Janusz Palikot nie ma wątpliwości, że Zbigniew Ziobro zostanie wyrzucony z PiS. "Musi być kozioł ofiarny, a on się do tej roli świetnie nadaje. Jest przecież realnym zagrożeniem dla prezesa" - stwierdza polityk w rozmowie z "Polską The Times". I wieści, że po wszystkim były minister sprawiedliwości może próbować dogadać się z Grzegorzem Schetyną, który ostatnio traci wpływy w PO.

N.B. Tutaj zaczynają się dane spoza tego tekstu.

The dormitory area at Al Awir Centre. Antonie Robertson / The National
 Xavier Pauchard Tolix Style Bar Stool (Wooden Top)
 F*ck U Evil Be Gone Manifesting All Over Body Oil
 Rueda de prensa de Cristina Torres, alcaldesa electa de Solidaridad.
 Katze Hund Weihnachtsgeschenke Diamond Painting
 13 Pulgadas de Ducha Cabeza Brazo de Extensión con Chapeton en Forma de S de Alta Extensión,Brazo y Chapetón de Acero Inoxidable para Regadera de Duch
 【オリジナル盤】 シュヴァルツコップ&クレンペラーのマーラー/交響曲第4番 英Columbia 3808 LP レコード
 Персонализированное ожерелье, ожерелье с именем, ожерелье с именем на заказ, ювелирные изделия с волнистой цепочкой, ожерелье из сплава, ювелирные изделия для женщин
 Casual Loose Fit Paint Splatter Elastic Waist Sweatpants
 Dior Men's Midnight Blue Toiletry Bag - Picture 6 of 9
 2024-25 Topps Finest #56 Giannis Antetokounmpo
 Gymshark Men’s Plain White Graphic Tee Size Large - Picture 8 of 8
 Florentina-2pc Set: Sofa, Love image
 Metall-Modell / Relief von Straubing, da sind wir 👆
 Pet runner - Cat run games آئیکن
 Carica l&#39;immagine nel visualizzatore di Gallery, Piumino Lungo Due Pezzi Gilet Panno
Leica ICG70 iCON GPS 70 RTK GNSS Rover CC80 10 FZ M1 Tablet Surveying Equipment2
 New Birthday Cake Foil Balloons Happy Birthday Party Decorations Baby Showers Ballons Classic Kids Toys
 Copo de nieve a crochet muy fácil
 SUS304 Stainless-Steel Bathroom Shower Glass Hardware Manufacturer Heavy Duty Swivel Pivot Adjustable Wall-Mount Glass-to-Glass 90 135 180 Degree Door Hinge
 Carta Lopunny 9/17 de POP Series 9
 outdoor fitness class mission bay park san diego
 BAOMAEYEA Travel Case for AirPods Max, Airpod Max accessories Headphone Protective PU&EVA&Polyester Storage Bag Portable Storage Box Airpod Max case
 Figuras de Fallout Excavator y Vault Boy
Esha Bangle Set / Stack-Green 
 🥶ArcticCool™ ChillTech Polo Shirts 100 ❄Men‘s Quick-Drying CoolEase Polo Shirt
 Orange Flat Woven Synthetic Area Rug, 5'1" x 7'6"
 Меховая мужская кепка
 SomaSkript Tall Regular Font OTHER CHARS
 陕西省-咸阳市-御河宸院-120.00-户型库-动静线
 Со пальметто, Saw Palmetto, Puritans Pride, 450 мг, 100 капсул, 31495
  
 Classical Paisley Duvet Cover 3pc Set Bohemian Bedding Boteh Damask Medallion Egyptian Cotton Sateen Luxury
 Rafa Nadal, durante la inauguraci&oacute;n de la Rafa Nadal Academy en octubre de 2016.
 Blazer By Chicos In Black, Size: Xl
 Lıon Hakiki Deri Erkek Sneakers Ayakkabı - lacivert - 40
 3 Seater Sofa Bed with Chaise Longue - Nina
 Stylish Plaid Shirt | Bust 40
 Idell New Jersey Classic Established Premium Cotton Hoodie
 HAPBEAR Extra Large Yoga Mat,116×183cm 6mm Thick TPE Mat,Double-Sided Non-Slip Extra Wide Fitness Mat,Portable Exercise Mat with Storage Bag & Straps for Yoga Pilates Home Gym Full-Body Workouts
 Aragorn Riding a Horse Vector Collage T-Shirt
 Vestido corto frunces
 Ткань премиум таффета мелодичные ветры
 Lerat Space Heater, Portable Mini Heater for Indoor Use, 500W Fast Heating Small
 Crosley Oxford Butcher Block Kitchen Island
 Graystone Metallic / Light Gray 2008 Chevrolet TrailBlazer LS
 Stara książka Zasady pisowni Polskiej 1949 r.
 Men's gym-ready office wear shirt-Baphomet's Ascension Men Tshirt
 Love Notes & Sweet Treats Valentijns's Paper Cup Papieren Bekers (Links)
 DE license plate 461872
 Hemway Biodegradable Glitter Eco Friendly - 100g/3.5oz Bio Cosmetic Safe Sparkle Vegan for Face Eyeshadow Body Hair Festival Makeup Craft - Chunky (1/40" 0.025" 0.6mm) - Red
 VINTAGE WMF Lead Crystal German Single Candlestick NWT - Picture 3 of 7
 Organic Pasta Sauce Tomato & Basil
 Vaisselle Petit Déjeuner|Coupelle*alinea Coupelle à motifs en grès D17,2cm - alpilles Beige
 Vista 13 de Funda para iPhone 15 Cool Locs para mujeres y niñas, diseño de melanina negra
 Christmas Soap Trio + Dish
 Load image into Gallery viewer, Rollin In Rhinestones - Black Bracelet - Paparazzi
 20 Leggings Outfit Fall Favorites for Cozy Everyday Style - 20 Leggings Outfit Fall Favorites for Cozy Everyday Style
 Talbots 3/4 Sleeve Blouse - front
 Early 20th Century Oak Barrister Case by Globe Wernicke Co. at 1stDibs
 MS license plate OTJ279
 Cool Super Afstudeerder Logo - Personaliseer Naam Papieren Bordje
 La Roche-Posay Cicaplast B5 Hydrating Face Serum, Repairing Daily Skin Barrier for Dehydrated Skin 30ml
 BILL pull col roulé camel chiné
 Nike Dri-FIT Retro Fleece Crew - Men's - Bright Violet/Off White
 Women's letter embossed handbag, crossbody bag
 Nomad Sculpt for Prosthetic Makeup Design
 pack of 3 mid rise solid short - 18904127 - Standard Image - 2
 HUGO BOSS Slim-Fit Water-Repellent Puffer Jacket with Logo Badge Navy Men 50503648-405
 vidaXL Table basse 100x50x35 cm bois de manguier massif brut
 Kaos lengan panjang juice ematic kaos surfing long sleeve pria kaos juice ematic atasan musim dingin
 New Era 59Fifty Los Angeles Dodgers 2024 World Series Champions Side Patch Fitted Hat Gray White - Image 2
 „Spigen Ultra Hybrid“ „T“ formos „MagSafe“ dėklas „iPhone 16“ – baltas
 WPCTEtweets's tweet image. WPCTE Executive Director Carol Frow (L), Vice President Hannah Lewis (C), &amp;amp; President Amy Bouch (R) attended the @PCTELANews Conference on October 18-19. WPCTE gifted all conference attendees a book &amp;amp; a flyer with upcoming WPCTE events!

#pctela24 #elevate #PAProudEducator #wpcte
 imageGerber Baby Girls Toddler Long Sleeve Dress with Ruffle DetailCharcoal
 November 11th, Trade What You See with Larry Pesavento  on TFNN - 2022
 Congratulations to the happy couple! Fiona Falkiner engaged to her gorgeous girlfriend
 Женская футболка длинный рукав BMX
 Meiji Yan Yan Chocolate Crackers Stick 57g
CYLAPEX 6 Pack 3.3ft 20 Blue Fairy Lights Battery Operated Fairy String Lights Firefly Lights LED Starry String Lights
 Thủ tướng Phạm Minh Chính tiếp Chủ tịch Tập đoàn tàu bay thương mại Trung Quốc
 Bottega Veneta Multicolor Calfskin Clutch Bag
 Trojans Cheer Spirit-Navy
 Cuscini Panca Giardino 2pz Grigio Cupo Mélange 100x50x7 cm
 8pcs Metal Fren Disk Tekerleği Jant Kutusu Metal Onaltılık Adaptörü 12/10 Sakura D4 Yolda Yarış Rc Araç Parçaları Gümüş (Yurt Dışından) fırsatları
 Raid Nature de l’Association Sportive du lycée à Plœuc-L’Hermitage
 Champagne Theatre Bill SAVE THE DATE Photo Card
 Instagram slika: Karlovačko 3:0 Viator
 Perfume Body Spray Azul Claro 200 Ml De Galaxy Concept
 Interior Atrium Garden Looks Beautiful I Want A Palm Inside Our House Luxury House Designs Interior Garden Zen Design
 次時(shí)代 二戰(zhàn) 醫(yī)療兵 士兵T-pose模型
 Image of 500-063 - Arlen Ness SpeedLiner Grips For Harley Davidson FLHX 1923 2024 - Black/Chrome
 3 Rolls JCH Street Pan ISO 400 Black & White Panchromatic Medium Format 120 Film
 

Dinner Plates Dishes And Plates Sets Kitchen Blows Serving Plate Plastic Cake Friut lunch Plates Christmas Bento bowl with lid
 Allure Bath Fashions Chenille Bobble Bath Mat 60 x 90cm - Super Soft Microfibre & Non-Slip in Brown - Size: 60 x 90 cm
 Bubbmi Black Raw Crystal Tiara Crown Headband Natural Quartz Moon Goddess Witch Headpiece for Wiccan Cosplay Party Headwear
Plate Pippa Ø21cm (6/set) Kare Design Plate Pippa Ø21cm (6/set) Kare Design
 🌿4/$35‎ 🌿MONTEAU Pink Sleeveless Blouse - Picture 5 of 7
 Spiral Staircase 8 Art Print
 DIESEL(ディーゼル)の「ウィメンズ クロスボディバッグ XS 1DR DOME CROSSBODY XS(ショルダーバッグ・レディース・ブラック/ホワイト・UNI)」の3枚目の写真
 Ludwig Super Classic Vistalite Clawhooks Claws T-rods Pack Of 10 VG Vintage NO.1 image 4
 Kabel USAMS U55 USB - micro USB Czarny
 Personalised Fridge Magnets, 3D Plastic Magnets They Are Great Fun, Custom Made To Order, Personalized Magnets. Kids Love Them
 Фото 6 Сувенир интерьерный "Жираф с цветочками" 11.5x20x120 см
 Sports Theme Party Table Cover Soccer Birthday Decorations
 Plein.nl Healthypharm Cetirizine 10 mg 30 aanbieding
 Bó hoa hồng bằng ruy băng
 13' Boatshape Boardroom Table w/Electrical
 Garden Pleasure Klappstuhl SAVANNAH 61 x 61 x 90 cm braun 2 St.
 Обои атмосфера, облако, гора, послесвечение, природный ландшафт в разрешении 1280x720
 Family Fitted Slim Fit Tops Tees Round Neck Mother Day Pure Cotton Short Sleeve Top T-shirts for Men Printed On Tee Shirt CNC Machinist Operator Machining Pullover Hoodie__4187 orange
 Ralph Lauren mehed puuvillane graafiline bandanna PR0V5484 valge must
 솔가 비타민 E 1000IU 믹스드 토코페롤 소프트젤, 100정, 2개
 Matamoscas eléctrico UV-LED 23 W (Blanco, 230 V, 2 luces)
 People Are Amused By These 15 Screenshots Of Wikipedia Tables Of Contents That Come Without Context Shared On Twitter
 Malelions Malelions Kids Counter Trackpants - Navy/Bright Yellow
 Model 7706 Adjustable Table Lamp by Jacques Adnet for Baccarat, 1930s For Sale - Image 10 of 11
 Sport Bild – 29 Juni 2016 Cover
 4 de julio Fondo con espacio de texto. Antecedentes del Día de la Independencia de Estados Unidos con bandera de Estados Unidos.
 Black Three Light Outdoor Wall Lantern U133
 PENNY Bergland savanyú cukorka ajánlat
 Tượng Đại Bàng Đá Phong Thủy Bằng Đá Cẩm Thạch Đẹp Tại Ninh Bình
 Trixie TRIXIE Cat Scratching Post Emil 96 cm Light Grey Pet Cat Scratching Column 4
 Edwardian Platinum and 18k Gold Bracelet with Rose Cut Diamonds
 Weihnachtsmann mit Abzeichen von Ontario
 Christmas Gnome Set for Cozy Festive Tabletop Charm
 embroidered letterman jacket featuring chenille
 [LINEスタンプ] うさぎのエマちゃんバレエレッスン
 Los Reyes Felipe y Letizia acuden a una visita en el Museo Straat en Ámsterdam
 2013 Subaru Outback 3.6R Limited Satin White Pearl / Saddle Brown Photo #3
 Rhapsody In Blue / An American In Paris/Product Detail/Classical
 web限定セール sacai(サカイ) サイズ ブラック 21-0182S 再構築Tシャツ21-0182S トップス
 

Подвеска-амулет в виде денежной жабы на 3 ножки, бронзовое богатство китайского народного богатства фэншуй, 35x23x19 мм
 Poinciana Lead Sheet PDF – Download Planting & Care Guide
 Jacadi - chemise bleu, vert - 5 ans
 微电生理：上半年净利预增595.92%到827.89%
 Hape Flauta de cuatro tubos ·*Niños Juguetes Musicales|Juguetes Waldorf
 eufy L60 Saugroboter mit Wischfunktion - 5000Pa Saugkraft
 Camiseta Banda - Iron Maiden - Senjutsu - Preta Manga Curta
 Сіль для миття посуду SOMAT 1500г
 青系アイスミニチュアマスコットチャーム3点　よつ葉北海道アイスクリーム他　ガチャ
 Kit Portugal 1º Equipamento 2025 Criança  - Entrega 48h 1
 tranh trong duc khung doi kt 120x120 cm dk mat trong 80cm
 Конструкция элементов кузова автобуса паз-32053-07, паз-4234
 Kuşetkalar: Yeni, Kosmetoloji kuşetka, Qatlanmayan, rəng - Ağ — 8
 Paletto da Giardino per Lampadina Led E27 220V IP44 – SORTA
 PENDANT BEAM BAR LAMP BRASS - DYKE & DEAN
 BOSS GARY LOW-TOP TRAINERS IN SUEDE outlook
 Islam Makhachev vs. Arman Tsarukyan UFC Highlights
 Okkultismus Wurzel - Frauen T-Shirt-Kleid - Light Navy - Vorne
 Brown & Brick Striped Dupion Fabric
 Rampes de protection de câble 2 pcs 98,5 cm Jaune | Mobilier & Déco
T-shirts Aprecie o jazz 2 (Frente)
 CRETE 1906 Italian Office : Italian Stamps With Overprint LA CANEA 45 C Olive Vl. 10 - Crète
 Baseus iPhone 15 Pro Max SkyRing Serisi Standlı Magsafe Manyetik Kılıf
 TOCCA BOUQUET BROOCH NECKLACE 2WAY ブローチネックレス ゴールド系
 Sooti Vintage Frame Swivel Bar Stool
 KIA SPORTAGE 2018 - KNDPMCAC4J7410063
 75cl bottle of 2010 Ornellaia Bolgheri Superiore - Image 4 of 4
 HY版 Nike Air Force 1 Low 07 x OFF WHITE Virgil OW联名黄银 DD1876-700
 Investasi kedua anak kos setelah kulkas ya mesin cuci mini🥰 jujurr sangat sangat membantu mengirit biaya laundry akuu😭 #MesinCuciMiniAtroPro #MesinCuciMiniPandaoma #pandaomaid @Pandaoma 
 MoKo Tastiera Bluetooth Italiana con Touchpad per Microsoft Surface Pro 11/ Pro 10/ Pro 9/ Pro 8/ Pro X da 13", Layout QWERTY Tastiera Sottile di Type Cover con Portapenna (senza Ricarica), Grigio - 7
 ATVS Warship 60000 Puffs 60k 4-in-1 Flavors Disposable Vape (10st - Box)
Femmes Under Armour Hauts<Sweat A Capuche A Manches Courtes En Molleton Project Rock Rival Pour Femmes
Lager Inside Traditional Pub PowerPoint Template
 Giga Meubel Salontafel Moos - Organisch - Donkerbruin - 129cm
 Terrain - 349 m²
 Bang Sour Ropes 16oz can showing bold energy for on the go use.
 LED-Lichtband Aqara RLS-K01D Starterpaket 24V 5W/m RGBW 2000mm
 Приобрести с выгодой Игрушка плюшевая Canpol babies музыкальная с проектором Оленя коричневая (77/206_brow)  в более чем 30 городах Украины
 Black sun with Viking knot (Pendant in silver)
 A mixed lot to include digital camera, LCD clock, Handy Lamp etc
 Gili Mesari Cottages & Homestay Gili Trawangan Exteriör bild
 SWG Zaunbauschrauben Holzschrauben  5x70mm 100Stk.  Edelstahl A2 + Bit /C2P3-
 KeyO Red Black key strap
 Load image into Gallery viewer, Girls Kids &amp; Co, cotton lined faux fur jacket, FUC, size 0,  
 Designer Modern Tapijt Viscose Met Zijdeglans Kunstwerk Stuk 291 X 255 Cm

"Logika mówi, że Schetyna ma 20, 30 osób, które mogłyby z nim wyjść z klubu Platformy, Ziobro podobnie, więc we dwóch stworzą klub, bez którego nie ma rządu" - wieszczy Palikot. Podkreśla, że nie ma między nimi osobistych animozji, a do tego obaj mają mocne karty w rękach. Jest jednak jedno "ale". "Media by ich rozjechały. Inna sprawa, że żaden z nich nie jest fajterem, bo i Ziobro, i Schetyna to takie numery dwa. Więc pytanie, kto byłby twarzą takiej partii?" - zastanawia się Palikot.
Zdaniem lidera Ruchu Palikota, taka nowa parlamentarna inicjatywa byłaby jednak oparta na Zbigniewie Ziobrze. Pytanie tylko, jak Schetyna wytłumaczy to swoim wyborcom i działaczom z regionu.